▶ _DATA FOR THIS EXERCISE_:
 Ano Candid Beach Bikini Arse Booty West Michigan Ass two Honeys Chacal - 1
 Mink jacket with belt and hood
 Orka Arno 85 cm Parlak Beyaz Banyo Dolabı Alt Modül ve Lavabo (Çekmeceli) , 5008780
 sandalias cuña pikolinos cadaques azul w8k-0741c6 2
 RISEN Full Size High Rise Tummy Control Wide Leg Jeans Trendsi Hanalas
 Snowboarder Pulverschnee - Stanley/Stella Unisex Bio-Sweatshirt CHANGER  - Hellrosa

* * *

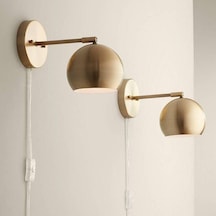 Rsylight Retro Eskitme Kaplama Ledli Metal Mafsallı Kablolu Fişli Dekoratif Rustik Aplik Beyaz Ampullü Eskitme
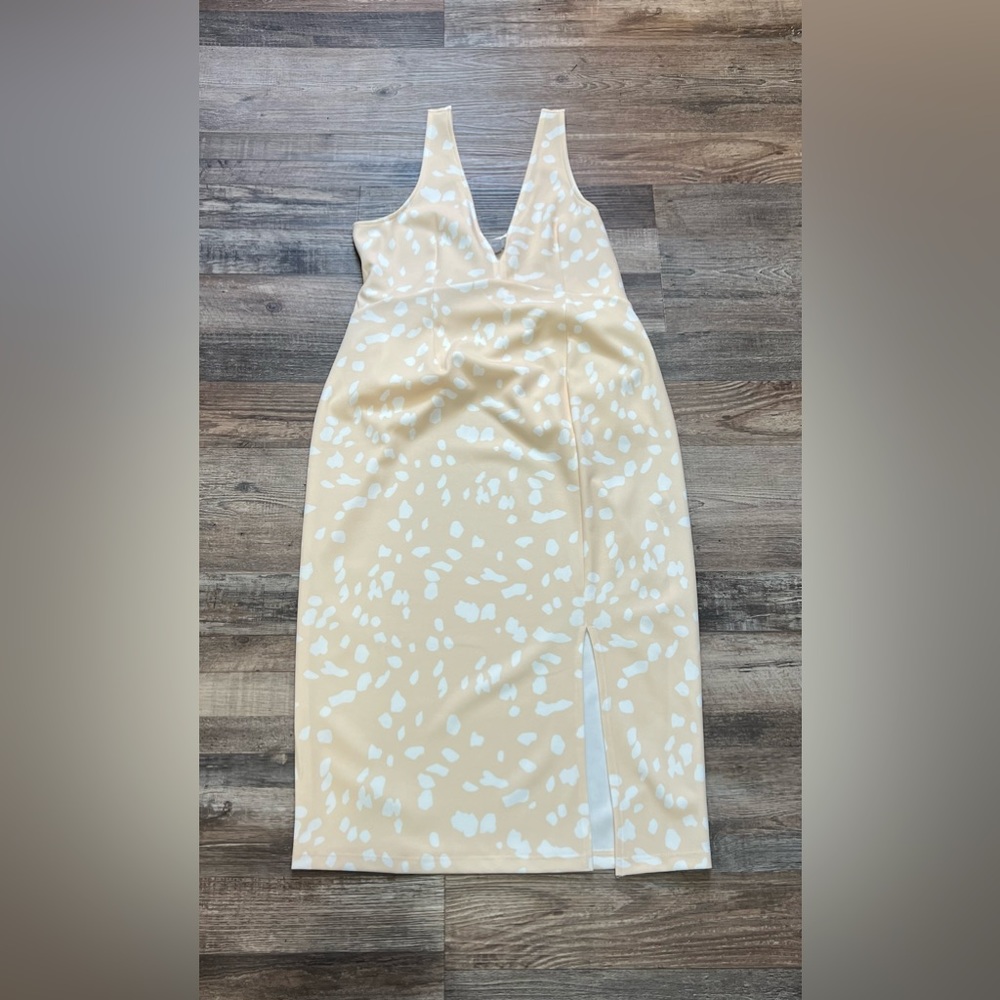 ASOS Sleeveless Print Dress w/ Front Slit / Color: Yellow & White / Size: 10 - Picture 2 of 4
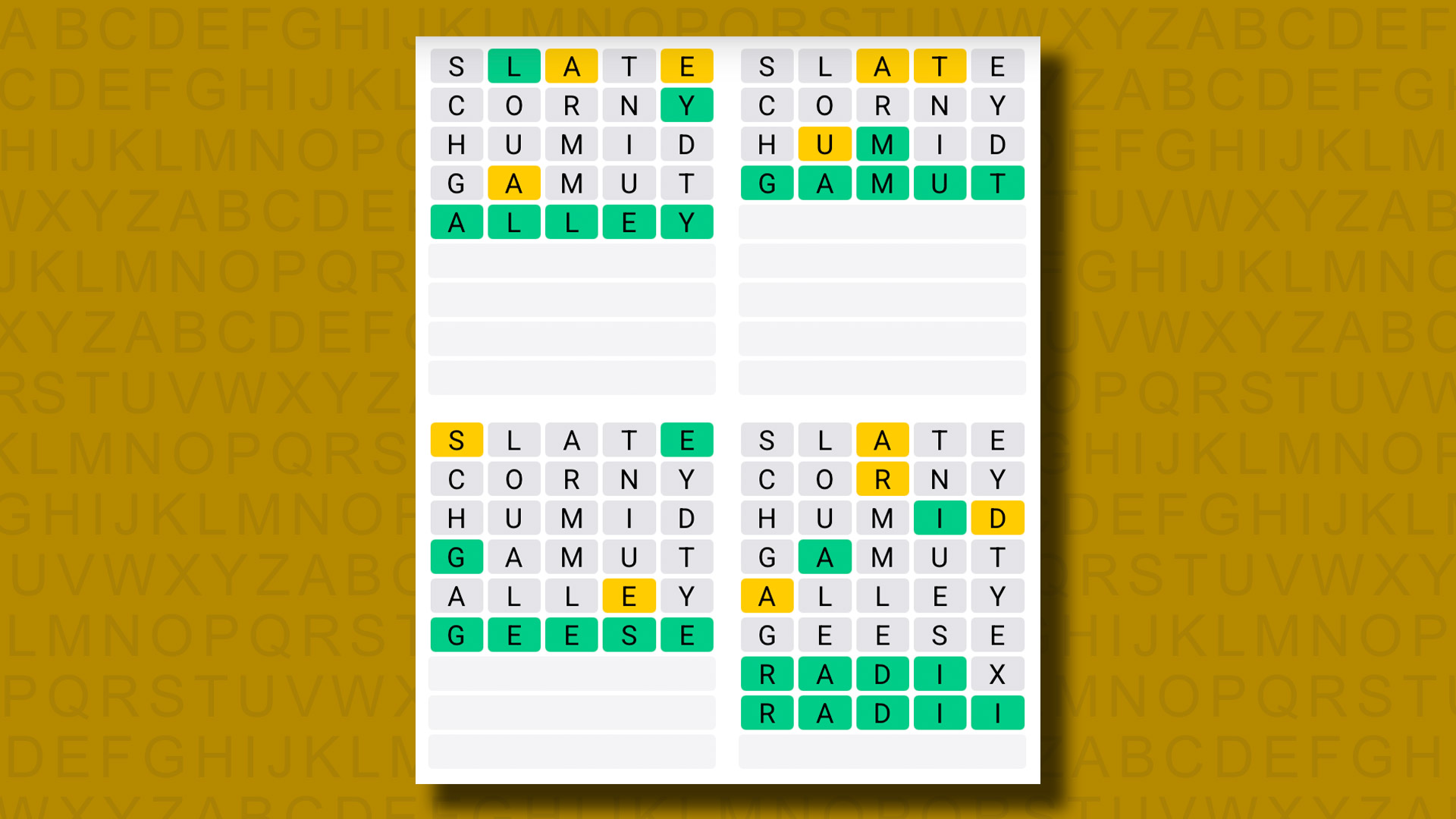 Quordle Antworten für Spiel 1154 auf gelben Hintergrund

* * *

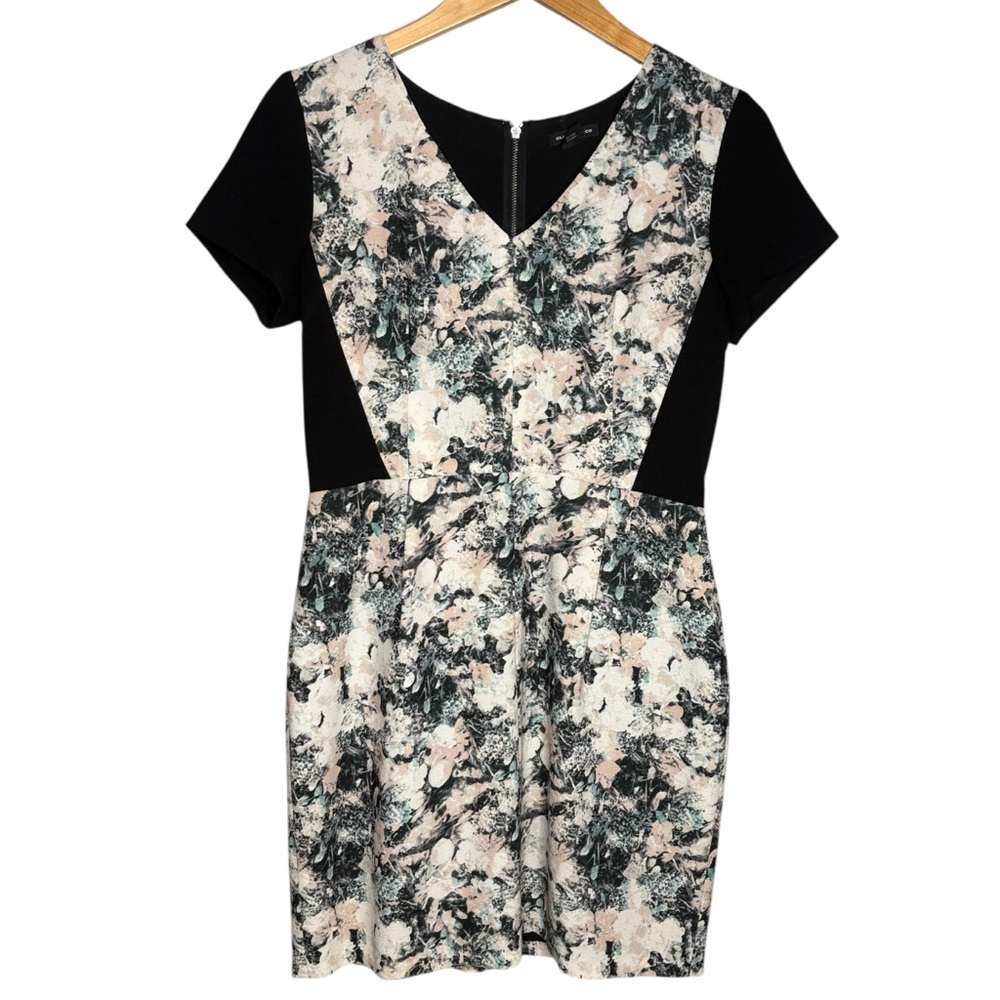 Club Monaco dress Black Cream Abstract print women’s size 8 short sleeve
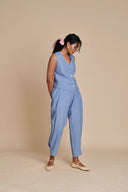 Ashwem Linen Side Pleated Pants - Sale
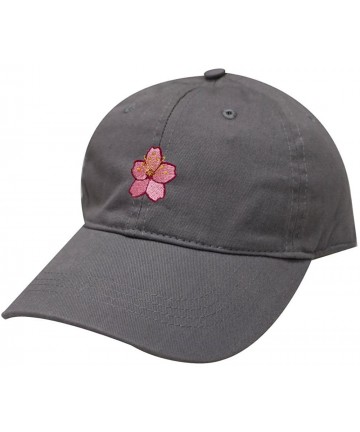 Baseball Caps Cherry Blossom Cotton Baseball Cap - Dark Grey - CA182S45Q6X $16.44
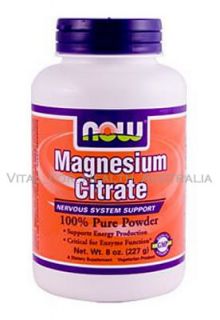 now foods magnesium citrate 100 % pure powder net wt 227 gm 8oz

▶ _ASSIGNMENT_:
Only the lines above starting at the line that holds "Ano Candid Beach" and ending at the line that holds "Snowboarder Pulverschnee - Stanley/Stella" are to be repeated, exactly and in full.

▶ _WRITTEN SOLUTION_:
 Ano Candid Beach Bikini Arse Booty West Michigan Ass two Honeys Chacal - 1
 Mink jacket with belt and hood
 Orka Arno 85 cm Parlak Beyaz Banyo Dolabı Alt Modül ve Lavabo (Çekmeceli) , 5008780
 sandalias cuña pikolinos cadaques azul w8k-0741c6 2
 RISEN Full Size High Rise Tummy Control Wide Leg Jeans Trendsi Hanalas
 Snowboarder Pulverschnee - Stanley/Stella Unisex Bio-Sweatshirt CHANGER  - Hellrosa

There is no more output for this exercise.